Y en un nuevo intento de explicárselo, un intento que habría hecho caer en la desesperación a cualquier pedagogo, ella vuelve a echar mano de los fundamentos básicos de la vida, a los que ella denomina el Contexto y el Ambiente. Y Eivor nunca ha sido capaz de verse a sí misma como parte de un contexto más amplio que su familia y el trabajo que tuviera en ese momento. Pero ¿por qué robaba bancos Lasse Nyman y le cortó la oreja a su padre? (Además, ¿quién sabe si la vida del viejo Nyman era tan fácil?) ¿Por qué se queda siempre sin comprender lo que le sucede a ella, como si fuera víctima de una sorprendente serie de circunstancias desafortunadas? Pero Eivor no es ninguna pista de aterrizaje donde los aviones chocan sin cesar, la historia no experimenta ningún black-out cada vez que ella sale a la calle o corre la cortina. ¡Siempre ha cometido el grave error de creer que está sola! (O, Liisa rectifica, el error de dejarse engañar creyendo que está sola.) Ella no es un satélite que está girando solitario, sino parte de un contexto. Y mientras no se dé cuenta de ello y empiece a buscar explicaciones para lo que está sucediendo en el entorno, irá arrastrándose por la vida como una discapacitada a la que han despojado de sus muletas.

A pesar de que lo que dice Liisa pueda parecer por el momento confuso y contradictorio (y en parte lo es), Eivor se da cuenta de que tiene que almacenar todo lo que oye dentro de sí misma, para su posterior procesamiento y utilización. Y eso es lo único que Liisa le pide.
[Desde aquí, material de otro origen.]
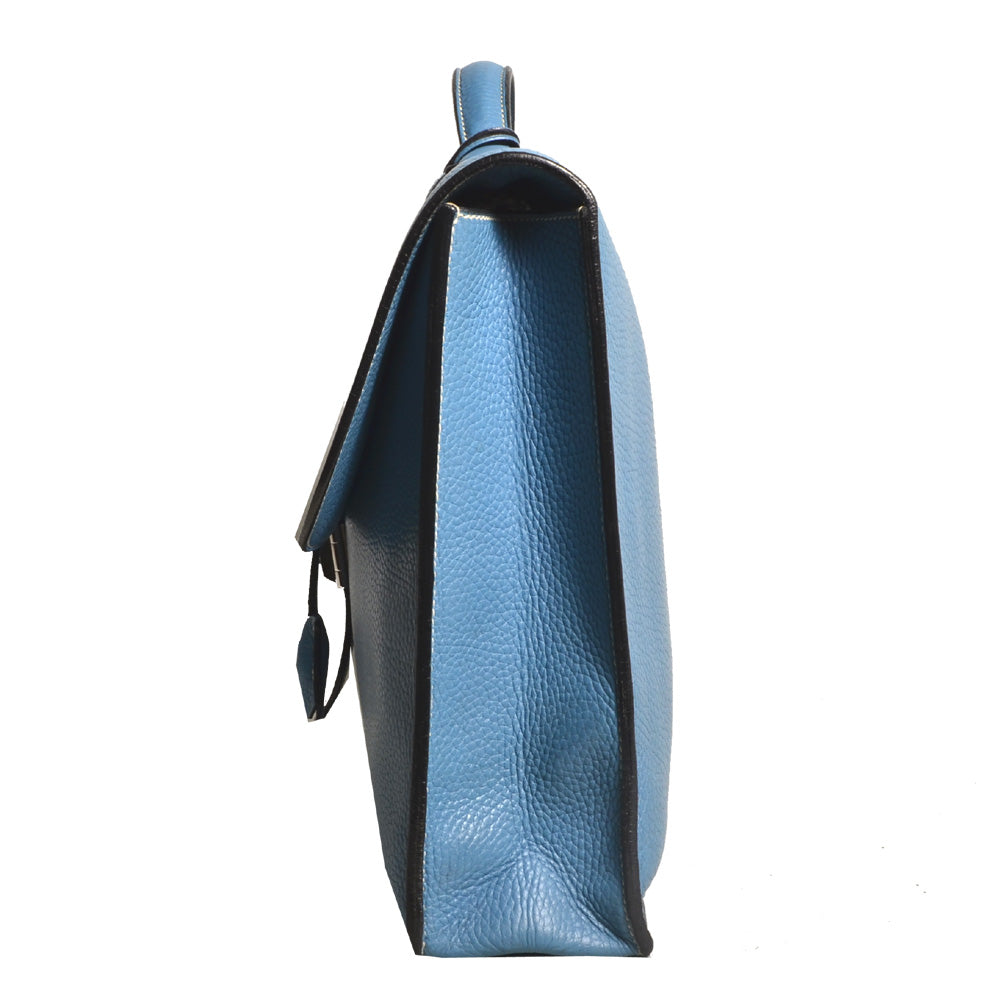 Hermes Sac A Depeche Blue Jeans Togo Leather Palladium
—Yo no soy ninguna…, ¿cómo se dice?… ¿Alma imposible? Pero a veces es bueno tener a alguien que te dé una patada en el culo.

—¿Tú tienes a alguien?

—Claro que sí. Muchos… En Domnarvet… Y Arvo…

—¿Quién?

—¡Mi hijo! ¡Arvo!

—Sí, claro…

Pero quien piense que el encuentro de Sirkka Liisa Taipiainen con Eivor Maria Halvarsson en Hallsberg se caracterizó por la seriedad, sólo interrumpida de vez en cuando por comidas insulsas o brotes de impaciencia, lo ha entendido todo mal de principio a fin. Es exactamente lo contrario, son dos mujeres que vuelven a verse después de que ambas creyeran que la otra había desaparecido en algún rincón desconocido del país o del mundo, dos mujeres que ríen y comparten con generosidad sus ganas de vivir más o menos lastimadas. ¿Por qué otro motivo iban a intercambiarse la ropa a las cuatro de la mañana para luego casi desternillarse de risa al ver el resultado? Además, Eivor percibe con más nitidez lo que le ha dicho Liisa por la tarde: que va vestida como alguien que no es pero cree que debe ser. Y en ese amanecer de un domingo de agosto deambulan por las calles vacías y sus risas resuenan en las paredes de las casas.
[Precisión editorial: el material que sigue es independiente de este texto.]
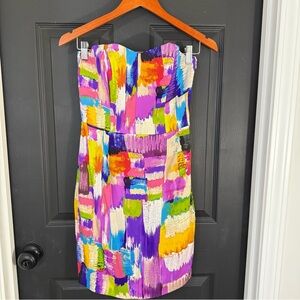 Ali Ro Silk Blend Strapless Paint Strokes Pattern Mini Dress Size 2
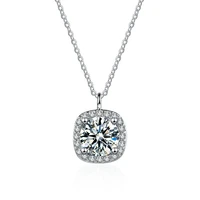 htotoh 1 carat d color moissanite diamond necklace s925 silver trendy pendant women matching chain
Cuando entra en la estación el tren de Eivor, poco antes de las tres de esa tarde de domingo, Liisa desaparece como si se cerrara una cortina, y ella sube al tren con paso más relajado que nunca. Viaja a Gotemburgo con la sensación de haber sido liberada de un tomillo de sujeción cuya existencia ha ignorado toda su vida. Ahora es consciente de que, mientras ella ha creído durante mucho tiempo tener un control firme sobre la realidad, en el fondo no ha hecho otra cosa que evitarla en muchos aspectos. Las excepciones que se le ocurren están ahí indudablemente (sus intentos de estudiar, su viaje a Madeira, su contacto con Katarina Fransman, su trabajo actual), sin embargo, es como si más que nada hubiera estado contemplando su ombligo con desesperación.

Va sentada en el tren con una creciente impaciencia interior.

¡Es natural! Tiene que tomar una decisión importante.

Llega a las 18:29.

En la estación hay un borracho saludando con un cangrejo en la mano.